Electrical engineers and manufacturers of a wide range of electrical components

1927 Formed by the merger of Crompton and Co and F. and A. Parkinson[1]. Frank Parkinson became chairman.

1928 Some shares, all of which had been held privately, were made available for public ownership.

1930 E. J. Fox, managing director of Stanton Ironworks Co, elected to the board.

1932 Acquired Derby Cables and British Electric Transformer Co Ltd which was merged with the company's own transformer interests. Involvement in British Electric Transformer Co also gave the company control of Kye Lamps of Edmonton (reinforcing the company's interest in lamps) and Tricity cookers.

Manufacturing subsidiaries were established at Bombay and Sydney, with some high-profile power engineering, such as the electrification of the ice-plant at Fleetwood in 1932.

From 1932 the lamp business developed with the marketing of the ‘one-shilling lamp’.

By 1933 the firm considered a bid for the underperforming giant, English Electric Co, forcing GEC and Associated Electrical Industries to make pre-emptive responses.

1934 Established new subsidiary, Atlas Sprinkler, to develop fire-protection business [2].

1935 Successfully challenged the ‘Lamp Ring’ (the Electric Lamp Manufacturers Association), the manufacturing cartel established in 1919.

1935 Extension of new Arc Works

1937 Gained membership of the Electric Lamp Manufacturers Association.

1937 Manufacturing electrical engineers. "All-Test" Instruments. "Klosd" Motors. "Tong Test" Instruments. [3]

1938 Explored possible merger with Callender Cable in 1938.

1938 A new Guiseley factory was opened.

1939 The company commenced manufacturing .303 rifle ammunition at its Guiseley and Doncaster factories.

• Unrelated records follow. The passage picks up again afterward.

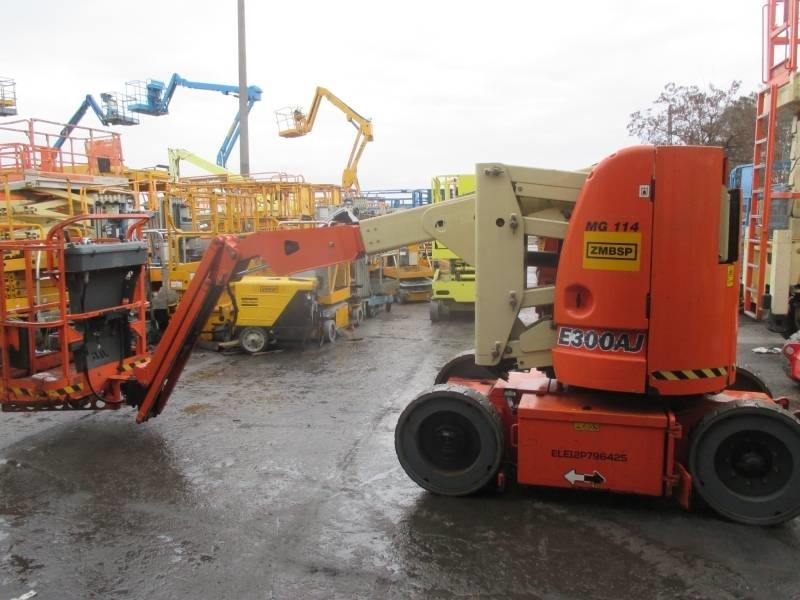 JLG E 300 AJ - Izlices pacēlājs: foto 5 JLG E 300 AJ - Izlices pacēlājs: foto 5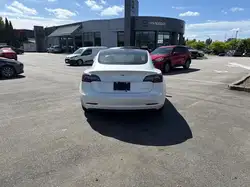 Tesla Model 3 снимка Tesla Model 3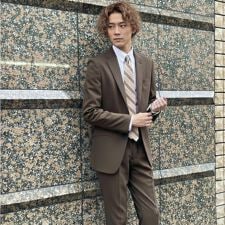 【オールシーズン】洗える2釦ノータックスーツ カーキ ※パンツ裾上げ済み仕様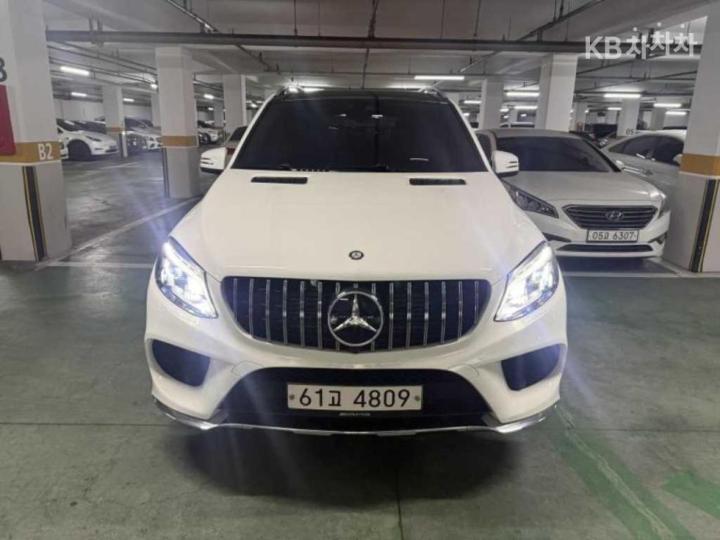 Mercedes-Benz GLE-Class W166 350d 4Matic Base Type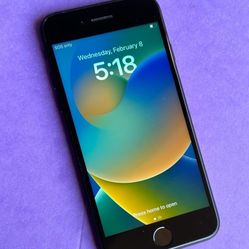 iPhone SE 2nd Gen 64gb Cricket Unlocked (Good Condition)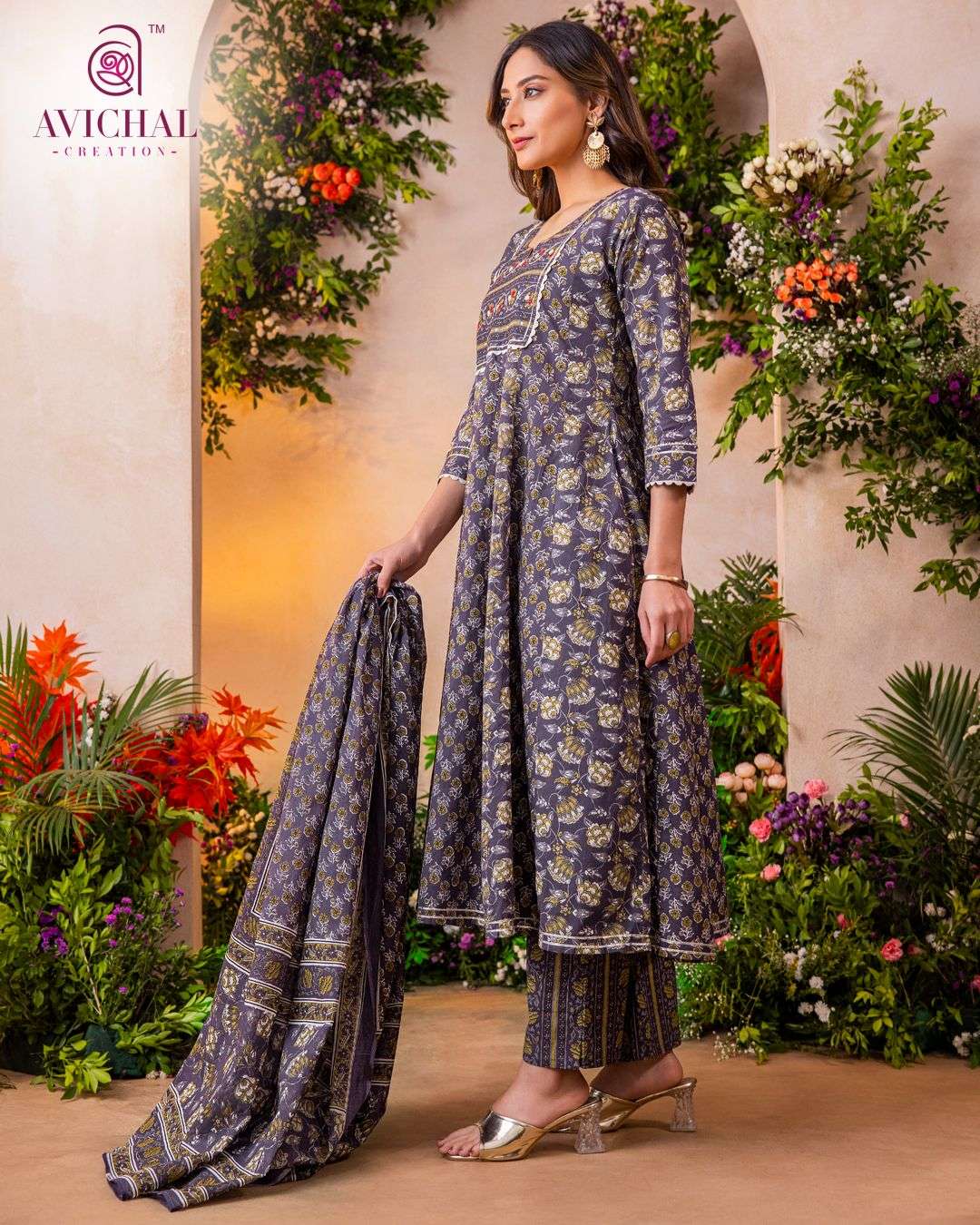 AVICHAL CREATION LAUNCHING PURE COTTON PRINTED FABRIC 3 PCS CONCEPT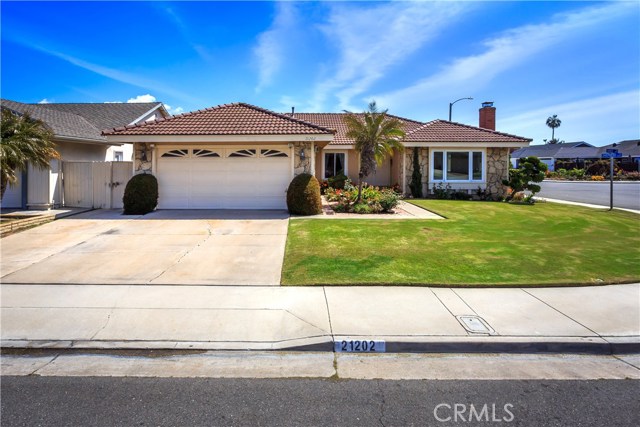 21202 Shepherd Ln, Huntington Beach, CA 92646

1941 Acquired Young Accumulator Co and its subsidiary Associated Electric Vehicle Manufacturers, Ltd.[4].

1941 Munitions produced at Chelmsford. Around 2,500 employed.

By 1946, Crompton Parkinson had established a leading position in battery-powered urban vehicles (in a joint venture with Austin) and its motors were used in trams, trolleybuses and diesel–electric locomotives.

1947 Acquired Cooke and Ferguson

1947 Crompton Parkinson Ltd (Derby Cables Ltd) was a member of the Cable Makers' Association[5]

1949 Advert: Young Batteries.

1951 Thorn Electrical Industries acquired Tricity Cookers.

1952 Millionth electrical instrument

1956 Atomic Power Constructions Ltd was established to tender for nuclear power plant contracts; jointly owned by Richardsons, Westgarth and Co, International Combustion (Holdings) Ltd and Crompton Parkinson Ltd[6].

1957 New switchgear department.

1959 Crompton Parkinson acquired 90% of the Ordinary shares in Radio and Television Trust.[7]

1961 Manufacturers of induction motors; alternators; auto-synchronous motors; D. C. motors; D. C. generators; electric traction equipment; fractional H.P. motors; geared motor units; motor control gears; ceiling fans; power transformers; instrumental transformers; switchgear cars H. V. and L. V.; switchboard and instruments; portable instruments; paper cables; rubber cables; lamps; fluorescent tubular lamps; lighting fittings; street lighting equipment; electric vehicles; industrial trucks; batteries; stud welding equipment and fabricated steel tanks. [8]

1962 Pivotless instrument produced

1963 Motor Show exhibitor. Batteries

1968 Purchased Vidor (dry battery) and Burndept (installer of battery making factories) from Royston Industries[9].

1966 Crompton Instruments moved to Witham

1968 Contract for lighting the new twin cargo terminals at Heathrow.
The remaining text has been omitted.